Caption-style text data
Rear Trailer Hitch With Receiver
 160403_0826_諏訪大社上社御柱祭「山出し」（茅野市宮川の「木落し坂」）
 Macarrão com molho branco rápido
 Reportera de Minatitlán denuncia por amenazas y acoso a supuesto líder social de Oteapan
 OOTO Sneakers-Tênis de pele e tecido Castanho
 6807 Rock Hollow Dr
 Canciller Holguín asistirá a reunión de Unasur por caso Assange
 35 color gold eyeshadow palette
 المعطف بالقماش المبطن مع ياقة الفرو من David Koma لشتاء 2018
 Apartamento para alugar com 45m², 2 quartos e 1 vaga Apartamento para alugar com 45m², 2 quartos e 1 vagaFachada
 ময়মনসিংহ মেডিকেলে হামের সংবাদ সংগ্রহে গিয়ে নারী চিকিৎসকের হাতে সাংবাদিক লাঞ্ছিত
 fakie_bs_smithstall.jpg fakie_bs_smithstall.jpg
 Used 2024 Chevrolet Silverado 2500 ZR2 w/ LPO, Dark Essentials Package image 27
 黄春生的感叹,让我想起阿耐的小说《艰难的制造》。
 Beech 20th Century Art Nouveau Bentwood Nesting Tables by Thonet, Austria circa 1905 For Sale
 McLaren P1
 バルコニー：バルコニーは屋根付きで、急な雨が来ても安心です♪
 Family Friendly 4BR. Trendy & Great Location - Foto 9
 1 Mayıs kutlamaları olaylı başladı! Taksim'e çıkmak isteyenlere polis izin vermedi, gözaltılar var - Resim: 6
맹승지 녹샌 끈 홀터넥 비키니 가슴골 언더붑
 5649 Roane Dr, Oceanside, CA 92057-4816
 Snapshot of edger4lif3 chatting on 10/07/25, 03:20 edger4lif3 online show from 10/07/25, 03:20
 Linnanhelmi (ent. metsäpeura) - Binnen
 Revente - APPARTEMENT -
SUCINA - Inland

• _TASK INSTRUCTIONS_
Your answer must consist solely of the lines above between the line holding "Macarrão com molho branco rápido" and the line holding "Canciller Holguín asistirá", inclusive, copied exactly.

• _EXERCISE ANSWER_
 Macarrão com molho branco rápido
 Reportera de Minatitlán denuncia por amenazas y acoso a supuesto líder social de Oteapan
 OOTO Sneakers-Tênis de pele e tecido Castanho
 6807 Rock Hollow Dr
 Canciller Holguín asistirá a reunión de Unasur por caso Assange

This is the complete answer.